In a USX picking motion, the pick does not move parallel with the strings, but instead along a diagonal pathway where upstrokes move into the escape zone. To compensate for this angled motion, the pick needs to slant the opposite way — downward — to restore our symmetrical, 90-degree pick attack:
There are lots of ways to do USX motion, using different pick grips, arm positions, and joint motions. While they are all similar in allowing upstrokes to escape, these motions can look pretty different. We’ve already looked at Marty Friedman’s USX form and noted its similarity to the Gypsy picking form of Joscho Stephan:
Both Joscho and Marty’s forms are based on a supinated arm position and flexed wrist. This is a very common USX playing position, and it generates an escape angle of around 35 degrees.

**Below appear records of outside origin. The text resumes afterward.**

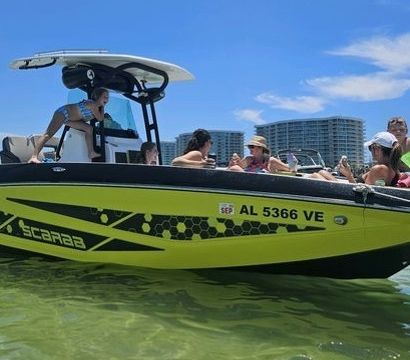 Bright yellow-and-black recreational speedboat anchored in clear shallow water, people relaxing under a T-top on a sunny day with beachfront condos visible in the background.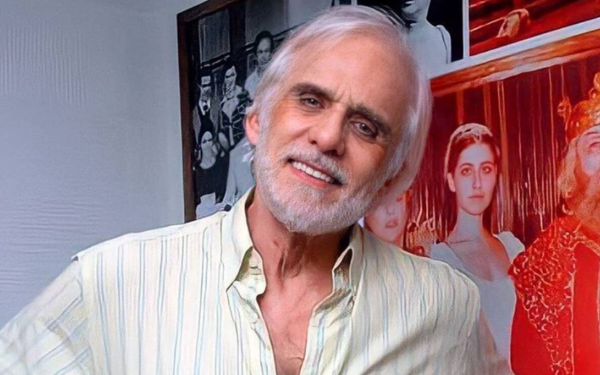 Homem idoso de cabelos e barba brancos sorri levemente, vestindo uma camisa listrada em tons claros. Ele está em pé, em frente a uma parede decorada com fotos antigas em preto e branco e coloridas, que remetem ao teatro e à televisão.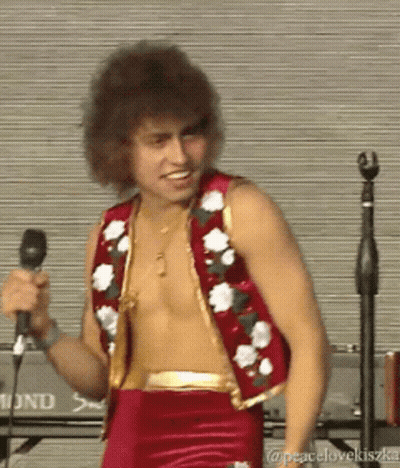 Shirtless Man Singing In Red Vest With Flowers GIF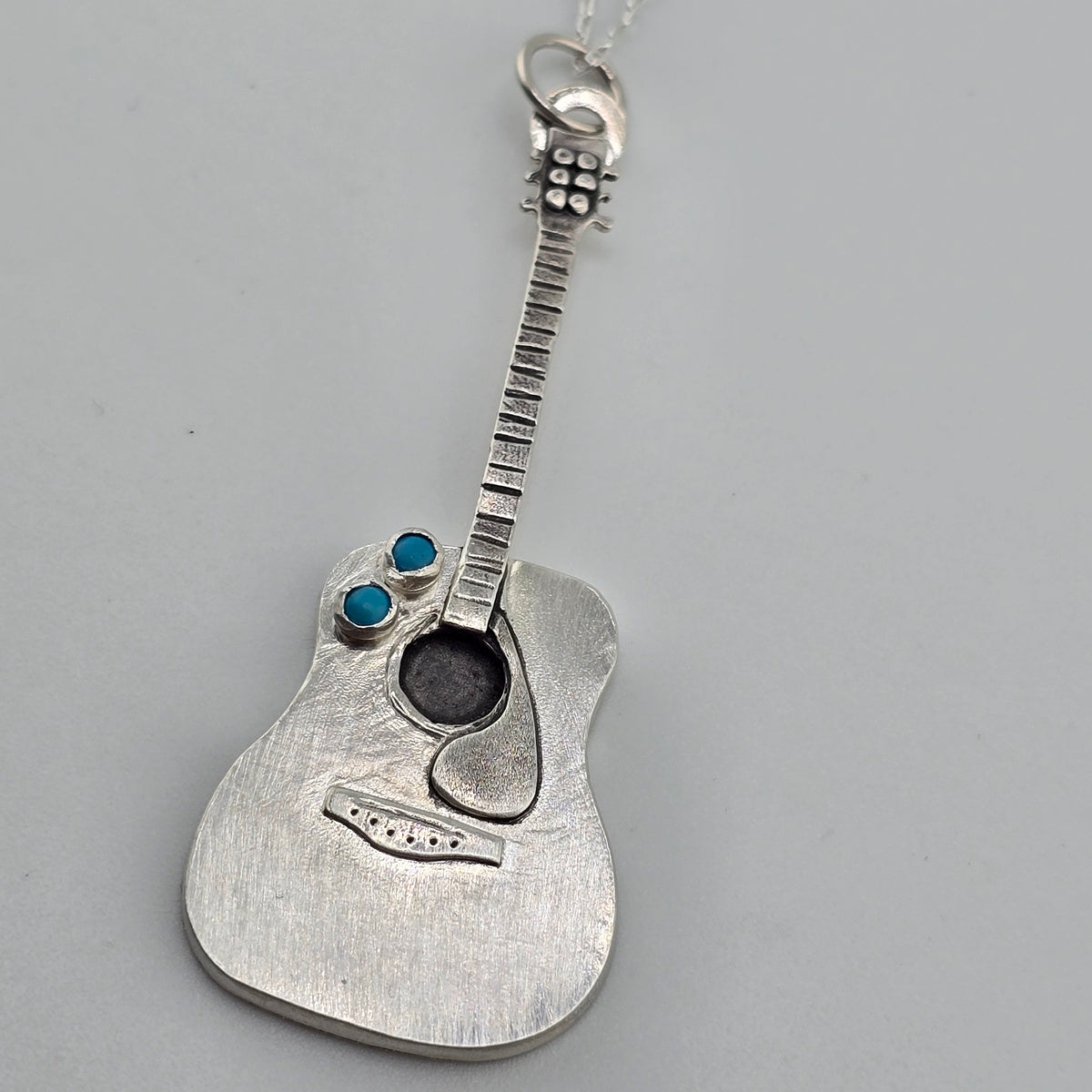 Handmade Silver Guitar Pendant on grey background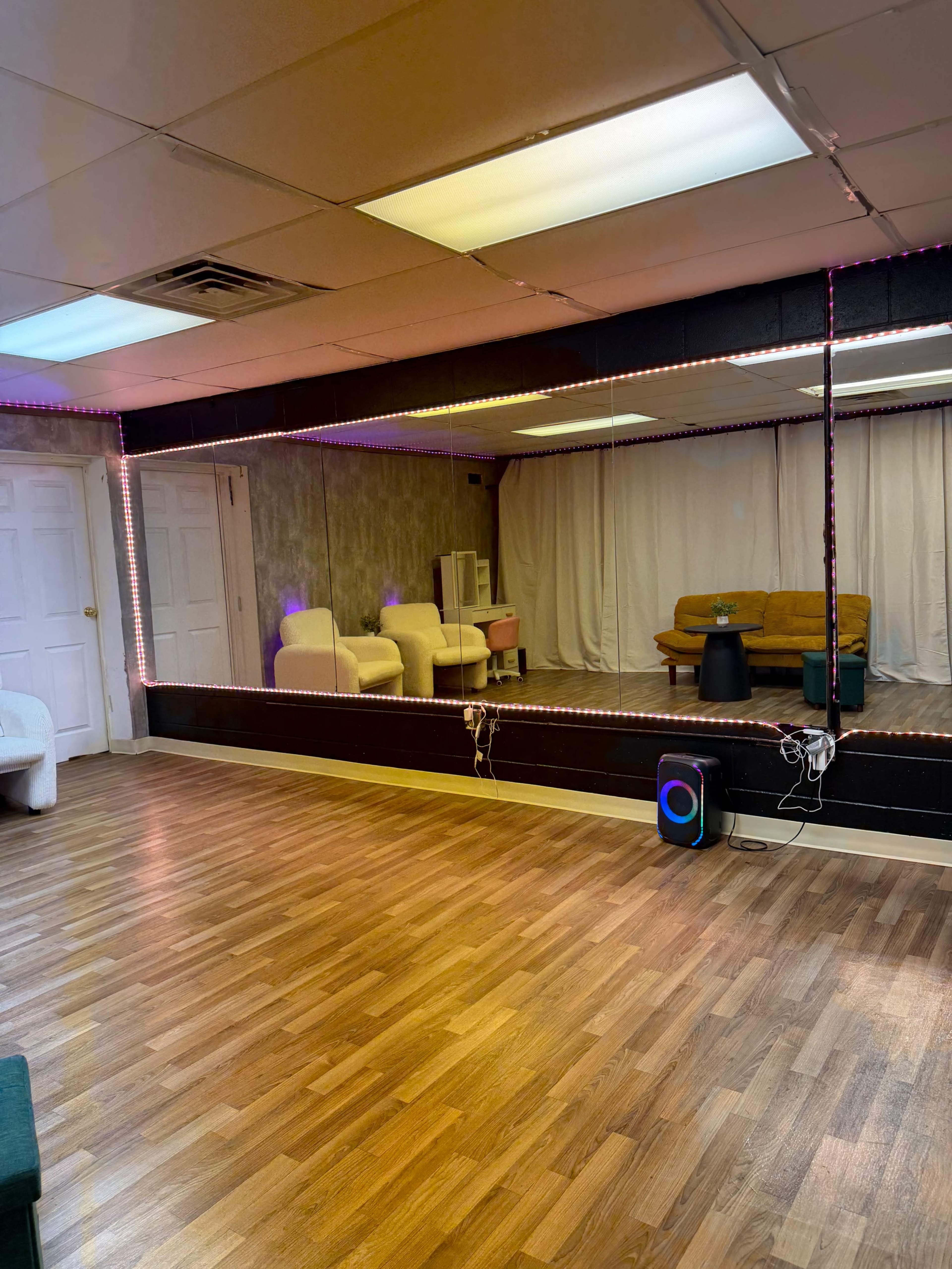 The image shows a spacious, well-lit room with wooden flooring, a large mirror, a couch in the background, and decorative lighting along the edges.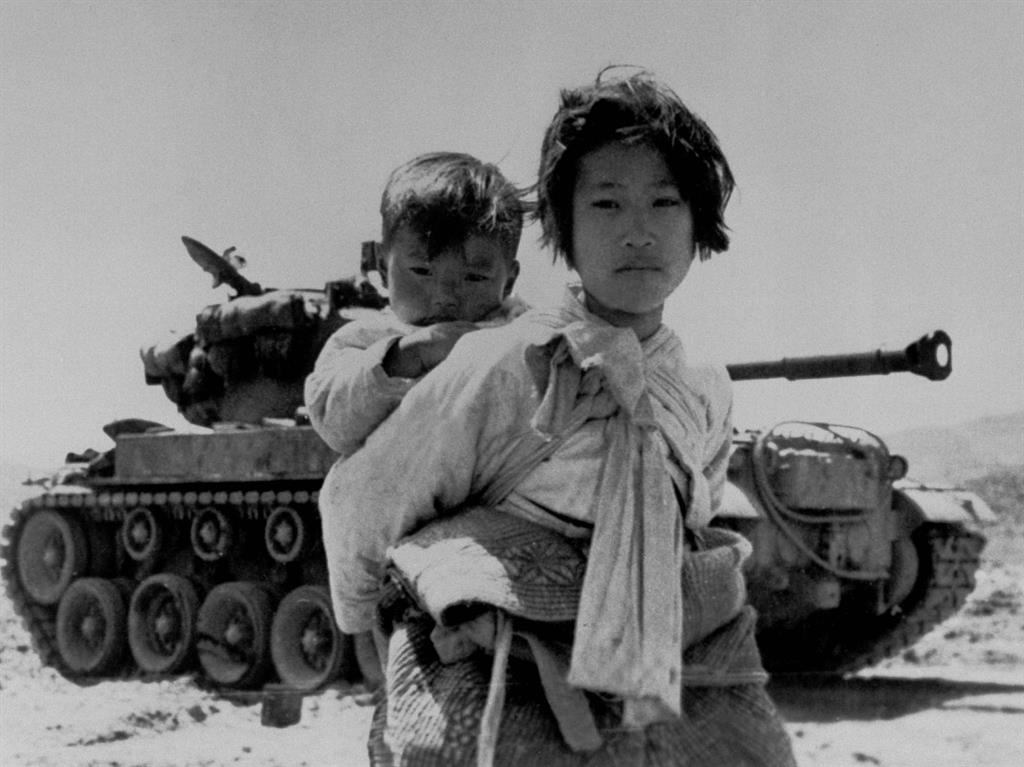 Safe harbour: Kim’s novel is set around Korean War refugees being resettled in the port of Busan (below)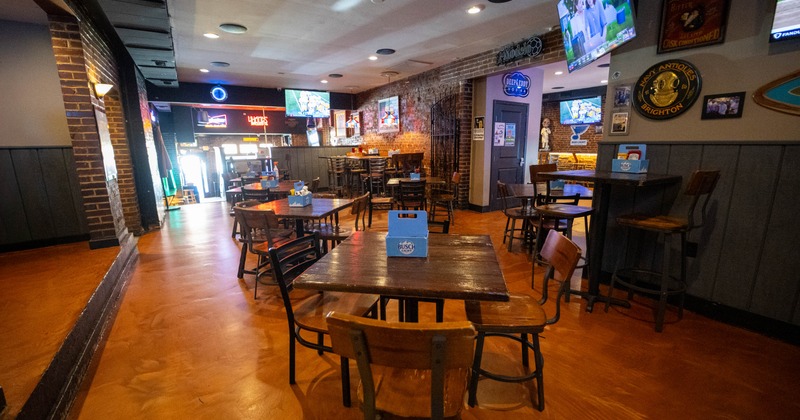 Interior seating area with wooden tables, chairs, brick walls and neon signage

As a result, both players also use an easily visible 35-degree downward pickslant to maintain smooth attack:
By comparison, Mike Stern’s USX technique uses a less supinated arm and a wrist-based picking motion. Mike’s escape angle is only about 10 degrees, and his matching 10-degree downward pickslant is visually much closer to perpendicular:
In general, wrist motions like Mike’s tend to move closer to parallel to the strings and produce shallower escape angles than motions like Joscho’s and Marty’s, which incorporate the forearm joint and escape more vertically. This is just the way these joints move, since they operate in different planes.
There is no mechanical cost to pickslanting, and less pickslant is not better than more. In some sense, there really is no such thing as “less” or “more” pickslant anyway, since the end goal is always to end up with a pick attack of exactly 90 degrees relative to the picking motion. Just as we discovered when we looked at Frank Gambale’s technique, when we rotate the camera to straighten out Joscho’s pickslant, we find that his picking motion really does just move perpendicular to it:
So even though these techniques may look superficially different, as far as the motion of the pick is concerned, they are all essentially oriented straight up and down and moving side to side — and it’s the guitar that’s slanted!